My name is Deok-ta. I’m just an average medical student with no friends or free time. My only hobby is to study every day using the marinara technique: study for 25 minutes, marinate in my sorrows for 5 minutes, and repeat.
One day, I accidentally marinated for 7 minutes so I punished myself by going on a run. The light was taking too long at the crosswalk, so I jaywalked. Big mistake. I heard the blaring of horns and a loud screech before the world went dark.
I woke up on the streets of an unfamiliar world. A horse-drawn carriage clopped by on the cobblestone road, stopping at a wooden house with a thatched roof. The people walking around wore tunics and aproned dresses. Was this a dream?
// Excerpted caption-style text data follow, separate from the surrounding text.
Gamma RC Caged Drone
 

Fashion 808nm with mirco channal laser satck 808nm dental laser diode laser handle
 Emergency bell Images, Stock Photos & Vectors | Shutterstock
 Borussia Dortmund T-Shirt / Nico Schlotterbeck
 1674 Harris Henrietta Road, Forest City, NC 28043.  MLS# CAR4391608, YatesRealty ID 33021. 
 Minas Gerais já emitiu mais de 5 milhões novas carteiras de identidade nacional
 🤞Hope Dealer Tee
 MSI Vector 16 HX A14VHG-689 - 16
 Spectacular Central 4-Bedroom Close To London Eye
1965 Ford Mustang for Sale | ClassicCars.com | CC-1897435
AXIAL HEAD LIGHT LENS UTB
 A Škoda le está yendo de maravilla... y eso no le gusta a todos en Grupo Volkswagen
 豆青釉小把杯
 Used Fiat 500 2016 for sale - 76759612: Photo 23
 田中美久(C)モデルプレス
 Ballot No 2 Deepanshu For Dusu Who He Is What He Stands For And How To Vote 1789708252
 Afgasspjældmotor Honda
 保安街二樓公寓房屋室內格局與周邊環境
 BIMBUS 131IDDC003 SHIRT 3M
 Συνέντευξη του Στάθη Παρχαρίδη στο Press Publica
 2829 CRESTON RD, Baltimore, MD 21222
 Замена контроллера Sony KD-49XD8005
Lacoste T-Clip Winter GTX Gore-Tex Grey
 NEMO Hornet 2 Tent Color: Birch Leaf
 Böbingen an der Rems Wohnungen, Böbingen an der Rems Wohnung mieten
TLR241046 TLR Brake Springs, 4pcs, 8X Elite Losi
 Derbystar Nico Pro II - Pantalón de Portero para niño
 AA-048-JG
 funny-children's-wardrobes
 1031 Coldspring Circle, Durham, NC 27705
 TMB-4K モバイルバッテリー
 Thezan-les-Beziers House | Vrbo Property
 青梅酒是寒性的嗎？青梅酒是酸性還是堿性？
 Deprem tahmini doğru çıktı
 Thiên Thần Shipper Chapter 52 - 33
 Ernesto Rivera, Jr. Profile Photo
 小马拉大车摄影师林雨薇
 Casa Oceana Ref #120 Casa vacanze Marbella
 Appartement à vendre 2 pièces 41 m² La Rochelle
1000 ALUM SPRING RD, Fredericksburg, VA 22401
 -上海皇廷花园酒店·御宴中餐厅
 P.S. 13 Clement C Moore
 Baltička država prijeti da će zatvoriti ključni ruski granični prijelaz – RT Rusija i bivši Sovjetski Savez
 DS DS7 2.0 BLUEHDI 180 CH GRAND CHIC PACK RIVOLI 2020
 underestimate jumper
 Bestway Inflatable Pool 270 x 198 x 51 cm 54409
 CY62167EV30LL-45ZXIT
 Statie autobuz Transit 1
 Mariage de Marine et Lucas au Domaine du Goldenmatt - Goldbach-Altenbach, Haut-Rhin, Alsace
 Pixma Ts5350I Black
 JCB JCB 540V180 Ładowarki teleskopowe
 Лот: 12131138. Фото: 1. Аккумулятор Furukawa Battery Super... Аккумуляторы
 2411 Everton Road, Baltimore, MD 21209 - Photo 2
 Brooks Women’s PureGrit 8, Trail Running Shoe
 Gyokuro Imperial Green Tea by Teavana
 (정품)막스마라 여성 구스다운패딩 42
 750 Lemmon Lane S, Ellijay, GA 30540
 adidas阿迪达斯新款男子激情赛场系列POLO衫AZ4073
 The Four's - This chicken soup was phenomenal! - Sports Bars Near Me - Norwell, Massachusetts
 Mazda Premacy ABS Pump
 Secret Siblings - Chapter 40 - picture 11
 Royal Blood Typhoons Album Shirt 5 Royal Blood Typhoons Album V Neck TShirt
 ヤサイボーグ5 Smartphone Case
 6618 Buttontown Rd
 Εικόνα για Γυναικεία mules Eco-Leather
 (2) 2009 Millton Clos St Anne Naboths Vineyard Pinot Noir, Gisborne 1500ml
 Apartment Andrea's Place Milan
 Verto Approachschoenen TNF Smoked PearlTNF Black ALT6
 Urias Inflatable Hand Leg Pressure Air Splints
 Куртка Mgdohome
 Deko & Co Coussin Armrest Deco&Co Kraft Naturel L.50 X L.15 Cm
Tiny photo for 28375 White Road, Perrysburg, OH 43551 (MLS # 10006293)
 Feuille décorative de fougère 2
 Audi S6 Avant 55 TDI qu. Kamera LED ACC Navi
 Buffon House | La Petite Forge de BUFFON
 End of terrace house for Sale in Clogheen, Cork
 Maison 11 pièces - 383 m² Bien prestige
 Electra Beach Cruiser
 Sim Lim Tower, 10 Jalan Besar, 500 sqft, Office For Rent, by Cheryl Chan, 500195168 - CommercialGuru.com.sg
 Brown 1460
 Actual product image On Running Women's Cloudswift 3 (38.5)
A scream rang through the air. An elderly man had collapsed on the other side of the road. My medical instincts kicked in, and I rushed over. He was pulseless, in obvious cardiac arrest.
Placing my hands upon his chest, I began compressions. “First I was afraid…I was petrified…” Wait no. “Ah staying alive, staying alive. Ah staying -”
Before I could complete my vocal run, someone shoved me aside. I looked up and saw a circle of townspeople glaring at me.
“Get away from him!” they yelled.
“Get away! This man needs CPR!” I shooed them off and went mouth-to-mouth. A strange dark magic tendril appeared beneath my hands.
“Begone you crazy demon!” The townspeople were livid. I scrambled to my feet, and they chased me down the streets.
“You’re all buffoons!” I shouted as I ran.
Then the townspeople pulled out wands and started blasting me with magic.
“I deeply apologize for my insolence! Please spare me!”
My stamina was running low, and my lungs were burning too much for this to be a dream. Right when I was ready to give up, a random woman yanked me into her house before the townspeople rounded the corner.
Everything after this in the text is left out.